Commandant of the East District of Kuaiji (會稽東部都尉)
- In office ?–?
- Monarch: Emperor Xian of Han

Gucheng Menhou (穀城門候)
- In office ?–?
- Monarch: Emperor Xian of Han

Personal details
- Born: 129 Mengyin County, Shandong
- Died: 210 (aged 81)
- Occupation: Astronomer, mathematician, politician
- Courtesy name: Yuanzhuo (元卓)
- Nickname: "Mathematical Sage" (算聖)

= Liu Hong (astronomer) =

Chinese astronomer and official (129–210)

Liu Hong (129–210), courtesy name Yuanzhuo, was a Chinese astronomer, mathematician, and politician who lived in the late Eastern Han dynasty. He developed a work on predicting the passage of the moon which was in use during the Three Kingdoms period of China.

==Life==
Liu Hong was from Mengyin County (蒙陰縣), Taishan Commandery, which is present-day Mengyin County, Shandong, and was a descendant of Liu Yu, the Prince of Lu, a son of Emperor Jing ( 157–141 BCE). He developed an interest in astronomy at an early age. He was made an officer at the Imperial Astronomy around 160 CE which led to him writing the lost works Qi Yao Shu (七曜術; The Art of the Seven Planets) and Ba Yuan Shu (八元術; The Art of Eight Elements).

After the death of his father, Liu Hong retired for a short time but then returned to his work, collaborating with Cai Yong on the Qian Xiang Li (乾象曆; Qian Xiang Calendar).

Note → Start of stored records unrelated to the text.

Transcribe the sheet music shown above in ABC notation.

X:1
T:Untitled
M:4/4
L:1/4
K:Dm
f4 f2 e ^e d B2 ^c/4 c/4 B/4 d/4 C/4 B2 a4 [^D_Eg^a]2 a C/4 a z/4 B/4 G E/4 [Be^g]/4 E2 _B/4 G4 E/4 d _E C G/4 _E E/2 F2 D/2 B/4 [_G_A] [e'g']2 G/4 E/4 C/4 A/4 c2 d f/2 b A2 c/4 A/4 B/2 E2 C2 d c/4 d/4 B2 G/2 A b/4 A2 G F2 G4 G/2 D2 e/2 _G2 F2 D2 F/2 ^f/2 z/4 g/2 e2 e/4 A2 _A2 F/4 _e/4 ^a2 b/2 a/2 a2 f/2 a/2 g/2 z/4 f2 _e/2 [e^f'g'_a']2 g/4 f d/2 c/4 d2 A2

This was considered so advanced for its time that it was adopted by the Han government immediately. The calendar predicted the movement of the moon, the first time such considerations had been made in China. This system marked the first appearance of the argument of periapsis, a means to calculate the syzygy (the calculation between three celestial bodies), and a means of charting the moon through the seasons. His means of establishing the accuracy of the calendar was by the detection of eclipses.

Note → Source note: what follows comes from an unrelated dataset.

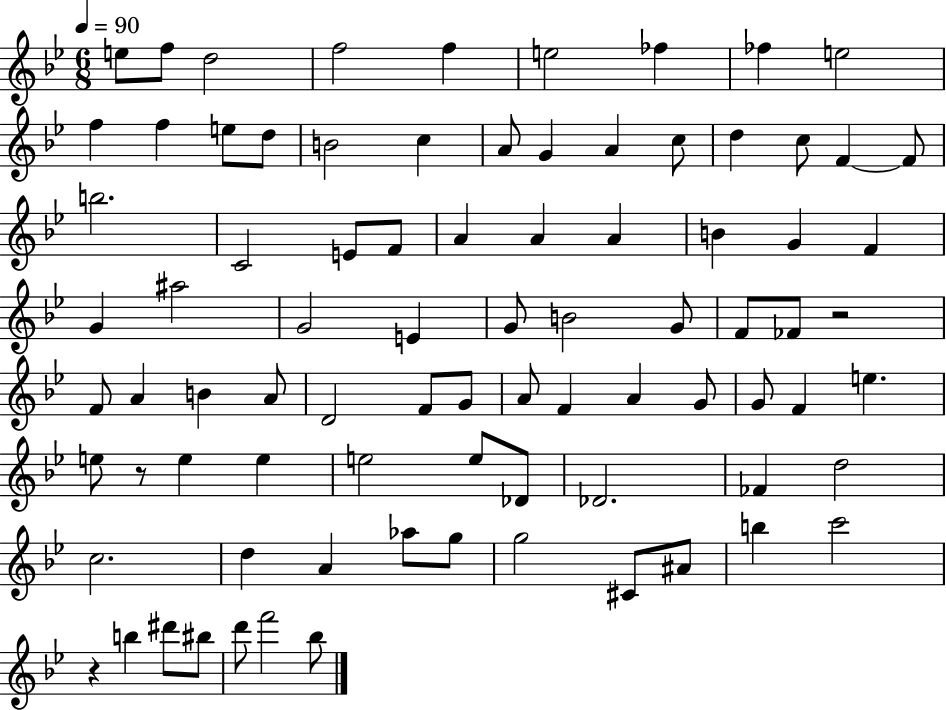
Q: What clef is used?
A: treble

This system replaced one which had been used by the Han dynasty since 85 CE, and following the end of the Han dynasty and beginning of the Three Kingdoms period, it was adopted by the Eastern Wu state until China was re-unified under the Jin dynasty in 280 CE. In 179 CE, he was asked by the Imperial Secretariat to consider proposals made by a private scholar called Wang Han regarding lunar calendars, but he did not support those proposals. A year later, the Minister of Ceremonies assigned him to review alternative means of calculating eclipses.

Throughout his service under the Han government, Liu Hong held various positions, including: Internuncio (謁者), gucheng menhou (穀城門候), Commandant of the East District of Kuaiji (會稽東部都尉), Administrator of Shanyang (山陽太守) and Chancellor of Qucheng (曲城相).